Summary: GigaSpaces's persistency approach consists of several paradigms for data persistency, according to the application needs. This section gives a basic overview of each paradigm.

Persisting Space Data into Permanent Storage

There are many situations where space data needs to be persisted to permanent storage and retrieved from it. For example:

  • A client process works primarily with the memory space for temporary storage of process data structures, and the permanent storage is used to extend or back up the physical memory of the process running the space. In case the data in the space becomes unavailable due to cache eviction, for example, the backup data in permanent storage can be accessed.
  • A client process works primarily with the database storage and the space is used to make read processing more efficient. Since database access is expensive, the data read from the database is cached in the space, where it is available for subsequently fast read operations. (This is using the space as a side cache.)
  • When a space is restarted, data from its persistent media files can be loaded into the space to speed up incoming query processing.

Bridging the Gap Between Object to Relational

Object-oriented development dominates the enterprise, and most client applications today are written in the Java, C#, and C++ languages. However, the majority of business-critical data is stored in relational database management systems (RDBMS) or similar systems that use record-based (non object-oriented) storage, whose data is read by query-based search schemes.

Because of this mismatch, an intermediate object-relational mapping (ORM) step is required to perform translation of objects to records when writing data to a database, and translation of records to objects when reading data from a database. This intermediate step is implemented in middleware that is detached from and transparent to the client application. Client calls to standard API read and write methods trigger the middleware functionality without a need for the client to intervene. Advanced middleware systems permit the client API to formulate and pass a database query for use when reading from the database.

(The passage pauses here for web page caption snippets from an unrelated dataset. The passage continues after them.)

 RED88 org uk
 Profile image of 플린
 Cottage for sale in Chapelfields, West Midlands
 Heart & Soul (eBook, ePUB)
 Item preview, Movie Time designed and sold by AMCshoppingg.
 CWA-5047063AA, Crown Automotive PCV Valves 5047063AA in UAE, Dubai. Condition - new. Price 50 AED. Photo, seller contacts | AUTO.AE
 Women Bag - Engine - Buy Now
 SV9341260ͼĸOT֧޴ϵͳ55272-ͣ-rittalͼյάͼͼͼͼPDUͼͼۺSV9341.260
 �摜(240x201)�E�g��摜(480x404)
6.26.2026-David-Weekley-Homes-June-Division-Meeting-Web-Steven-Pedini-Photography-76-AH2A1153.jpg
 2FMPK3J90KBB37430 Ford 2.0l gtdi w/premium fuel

The Hibernate library, an ORM persistence and query service for the Java language, can provide this service for RDBMS. Hibernate allows you to express queries in its own portable SQL extension (HQL), as well as in native SQL. However, Hibernate is restricted to run at the client level, and does not relate to read/write-through caching.

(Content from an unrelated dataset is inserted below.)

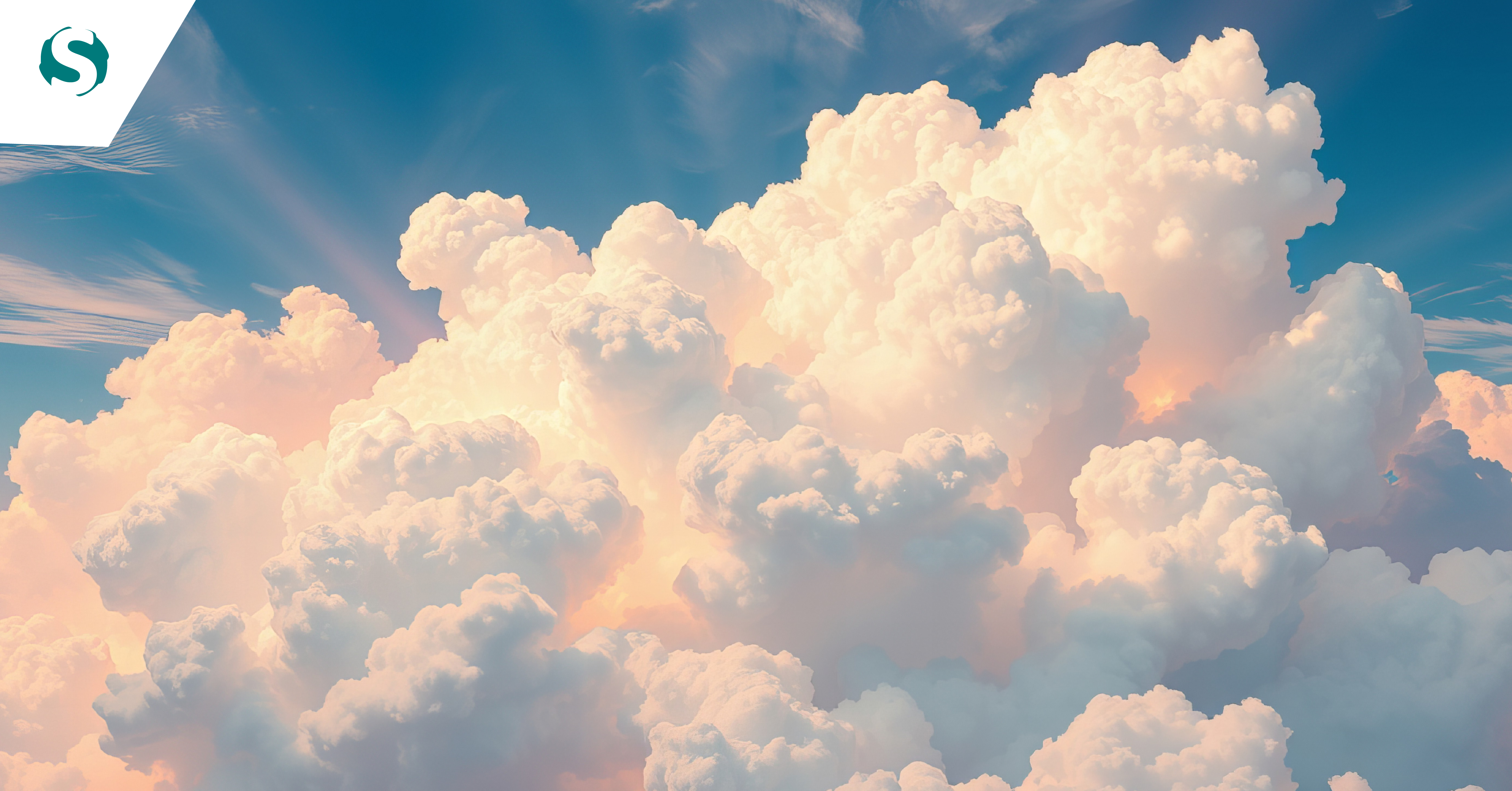 DevSecOps e NetSecOps na Cloud: Construir infraestruturas resilientes a ataques na era pós-quântica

Migrating Legacy Hibernate API Applications to GigaSpaces API

To benefit from data caching and other capabilities, it is worthwhile to migrate a legacy application that uses the Hibernate API, to the GigaSpace or GigaMap API. In such cases, these applications can benefit from the ability to scale when using the GigaSpaces Data Grid. This is achieved by partitioning the data across different spaces running on different machines, and having the business logic colocated with each partition. This allows the space and the business logic to run in same memory address, eliminating remote calls when accessing the data.

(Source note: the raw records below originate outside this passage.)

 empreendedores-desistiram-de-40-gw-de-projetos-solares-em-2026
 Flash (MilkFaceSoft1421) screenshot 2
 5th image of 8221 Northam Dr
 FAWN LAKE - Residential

The following tables show the correspondence between the Hibernate basic API methods to GigaSpaces API and the GigaMap API methods.

org.hibernate.Session Method GigaSpace Method GigaMap Method
save write put
persist write put
delete clear remove
update write put
merge write put
saveOrUpdate write put
replicate write put
get read, readByID get
load read, readByID get
createSQLQuery readByIDs, readMultiple(SQLQuery) , Not supported

The Moving from Hibernate to Space best practice includes step by step instructions for moving from Hibernate based application to GigaSpaces Data-Grid as the data access layer. This use Hibernate as the space persistency layer using write-through approach when pushing updates into the database.

The space can be used as a Hibernate second level cache.

Caching policies and Space Persistency

Space Persistency supports the All In Cache and LRU Cache policies.

All In Cache Policy

With the All In Cache policy, the assumption is the Space holds the entire data in memory. In this case, the space communicated with the data source at startup, and loads all the data. If data within the space is updated/added/removed, the space is calling the SpaceSynchronizationEndpoint implementation to update the underlying data source. All data activities leveraging the data in memory.

LRU Cache Policy - Read-Ahead

LRU persistency model is based on the eviction model: Some of the data stored In-Memory (based on auto expiration mechanism or explicit data eviction) and ALL the data stored on disk where the preferred disk media is a database. You may leverage Hibernate as the mapping layer when data is persist or have a custom persistency mapping implemented leveraging the Space Data Source API.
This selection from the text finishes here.